Automated paint experiment pays off for Audi

There's nothing like a custom paint job to make a car stand out. With the help of new automation tools, paint technicians at Audi's plant in Neckarsulm, Germany, are trying different ideas to make the company's most head-turning automobile designs really shine. This pilot plant performs special paint effects on prototypes, show cars, and very limited production cars to test various pigmen...

By Gary Mintchell, Senior Editor September 1, 2000

There’s nothing like a custom paint job to make a car stand out. With the help of new automation tools, paint technicians at Audi’s plant in Neckarsulm, Germany, are trying different ideas to make the company’s most head-turning automobile designs really shine. This pilot plant performs special paint effects on prototypes, show cars, and very limited production cars to test various pigment and application combinations. .

Though skilled manual work is indispensable in this field, automation is a critical component as well. This part of the process involves controlling variables in air supply. Variations in air quality and temperature in the paint shop and its baking ovens can affect application results. Temperature curves also differ from paint job to job. Supply and removal of water needed for cleansing and removing paint residue is a third variable.

While planning a new production paint shop for its A6, A8, and future A2 models, Audi and Dürr, an automotive paint system OEM, evaluated the latest automation technology on a small scale at the pilot plant. Audi subsequently deployed industrial PCs from Siemens Energy & Automation (Alpharetta, Ga.; Erlangen, Germany) on its assembly line for parameter input and fault analysis.With PC-based control software becoming more powerful, Dürr designed a PC-based system using Siemens’ Simatic WinAC.

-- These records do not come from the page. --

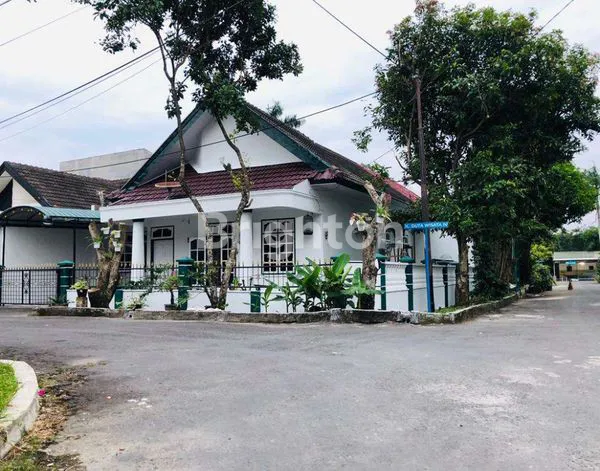 image RUMAH KLASSIK DI JALAN KARYA WISATA , DAERAH MEDAN JOHOR  (1)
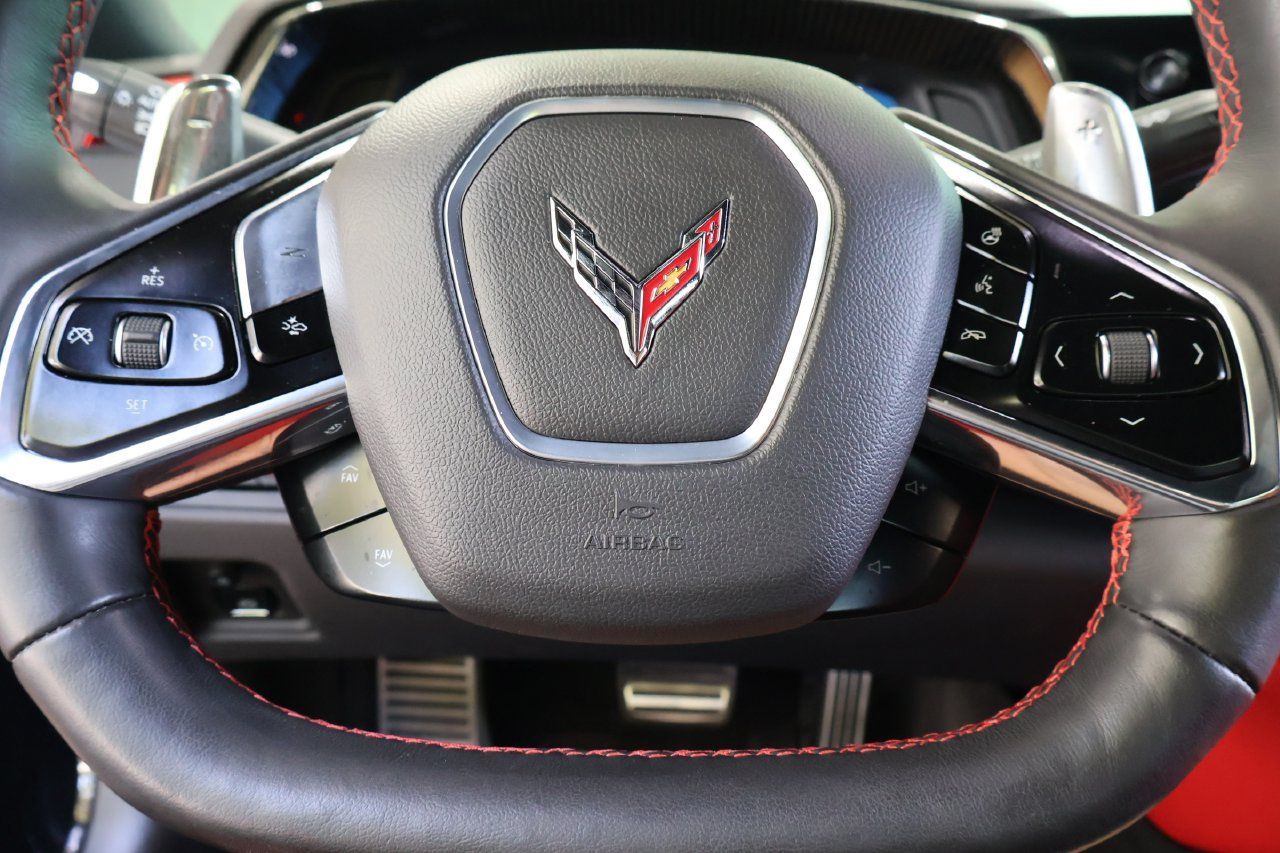 Used 2024 Chevrolet Corvette Stingray Preferred Cpe w/ 2LT RWD image 25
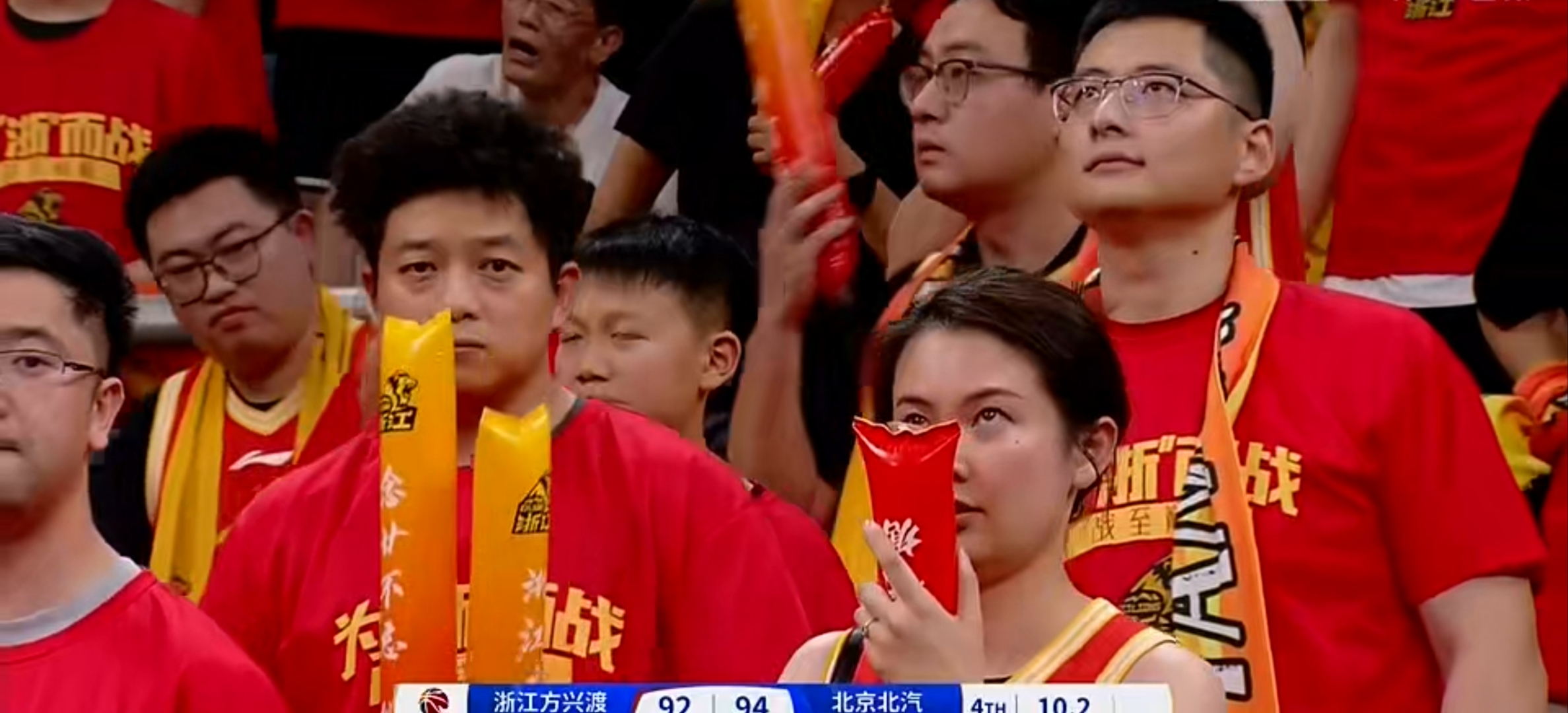 魔术横扫勇士,孙铭徽带队取胜 魔术横扫勇士,孙铭徽带队取胜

WinAC allows Audi’s technicians to control their process using standard PC applications, and perform process visualization on one, open hardware platform. This soft logic is programmed with Step 7, the universal development environment.

Distributed intelligence

The plant’s new system controls conveyors bringing car bodies through the paint shop, and integrates variable frequency drives directly as distributed intelligent I/O points. Intelligent modules communicate via Profibus to coordinate motion sequences. The PC running WinAC monitors signals, such as manual/automatic functions, from an IP65-rated Simatic ET 200X distributed I/O station that incorporates motor starter protection and intelligence.

Distributed PC-based control enhances users’ ability to configure, test, and commission individual components independently of each another, which saves valuable system commissioning time. Modular, open hardware and software adds flexibility to Dürr’s systems, which reduces overhead costs in subsequent projects.

Audi’s Eberhard Vogler, who is responsible for planning and execution of control technology in the new paint shop, says this added flexibility increases benefits to users. “We undergo constant change in the paint shop, whether it’s new paint or car models,” he adds. “This means we have to constantly modify the line without interrupting production. This automation solution offered by Dürr, with distributed intelligence and higher-level PC-based control, allows us to test and evaluate a change to the system off-line.”

However, before Audi integrates a system in one of its production facilities, it must undergo reliability testing over 24 successive shifts. Availability of 99% must be attained during this test phase. Dürr and Siemens’ PC-based control system proved to be just as reliable as a PLC in the pilot plant. Mr. Vogler adds that Audi’s operating and maintenance personnel readily accepted the system.